Il y a deux ans environ, j’ai candidaté à une formation de type second œuvre du bâtiment. J’arrivais d’un autre secteur manufacturier, je savais bosser, lire, écrire et compter ; j’étais un candidat très facile à évaluer. Pendant le reste de l’entretien j’ai bavardé avec la recruteuse, en lui racontant ma joie d’avoir quitté le tertiaire, son avachissement, ses jalousies aigres et ses complots de bureau. Dans les ateliers, j’ai trouvé des relations simples et directes : on est là pour bosser, on a besoin les uns des autres, on est bien content de grailler ensemble à la pause, point. Ça n’exclue pas certaines inimitiés ou rivalités, mais c’est généralement un monde de franchise et d’entraide. « Pas étonnant, me dit la dame, ce sont des métiers d’hommes ! » J’étais scié qu’elle le dise, et comme une évidence !

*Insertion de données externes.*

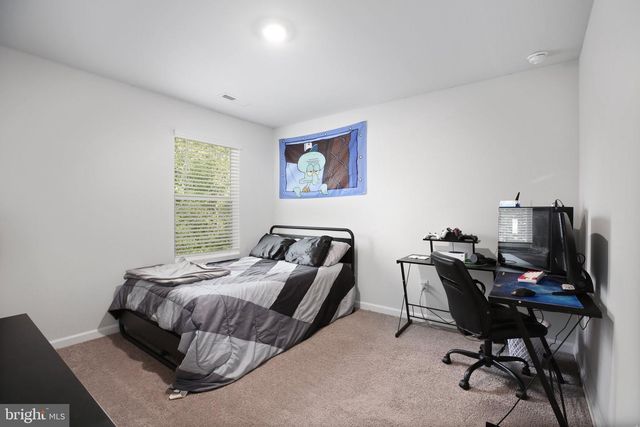 17447 JACKSON DR, Bowling Green, VA 22427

Au printemps dernier, j’étais en mission dans une moyenne boîte. Trente gars dans l’atelier, trois femmes… dans les bureaux. Deux immigrés, d’Europe de l’est. Les relations étaient dans le style habituel des milieux masculins : taquineries, allusions sexuelles, clichés racistes, etc. Nos immigrés n’étaient nullement troublés et répondaient sur le même ton rigolard et provoquant (car il y a matière à se moquer des Français aussi). Il y avait certainement quelque part au mur l’affichage obligatoire contre le harcèlement moral et sexuel, mais tout le monde s’en foutait. Nul doute qu’une délégation de politiciennes, militantes, influenceuses et autres variantes de la maîtresse d’école aurait été scandalisée par le ton si politiquement incorrect de nos conversations. Il aurait fallu s’expliquer, s’excuser, promettre d’être sages désormais, de ne plus dire de gros mots… Quel temps perdu ! Il y a de bonnes raisons au rude langage des hommes. D’abord, quand on est le sexe qui prend l’essentiel des risques et produit la majeure partie des biens et denrées dont la société à besoin, il n’est ni nécessaire ni bénéfique de cajoler continuellement les autres et dissimuler ses intentions. Tandis que pour le sexe vulnérable et dépendant, il est indispensable d’éviter les conflits ouverts et d’entretenir un réseau de relations personnelles d’où l’on peut tirer toute sorte de services et une rassurante grégarité. Ensuite, le niveau de taquinerie montre le niveau de confiance réciproque entre deux hommes. Dans les activités masculines (chasse, guerre, compétition, travail de la matière, etc.), il est crucial de pouvoir compter sur ses camarades. Si l’on doit accomplir une tâche où l’on risque ses doigts, son dos ou sa peau, il vaut mieux le faire avec quelqu’un qui ne laissera pas tomber tout d’un coup sous l’effet du stress psychologique ou physique. Un partenaire qui prend la mouche pour un mot de travers, ce n’est pas un partenaire, c’est un danger. Les blagues, les surnoms à la con, les querelles bruyantes mais factices, tout cela concourt à souder l’équipe de chasseurs, de guerriers, de sportifs ou d’ouvriers. On se connaît, on se charrie, on sait que l’autre est fiable. Ça n’a rien à voir avec le fait d’être copains ou pas copains.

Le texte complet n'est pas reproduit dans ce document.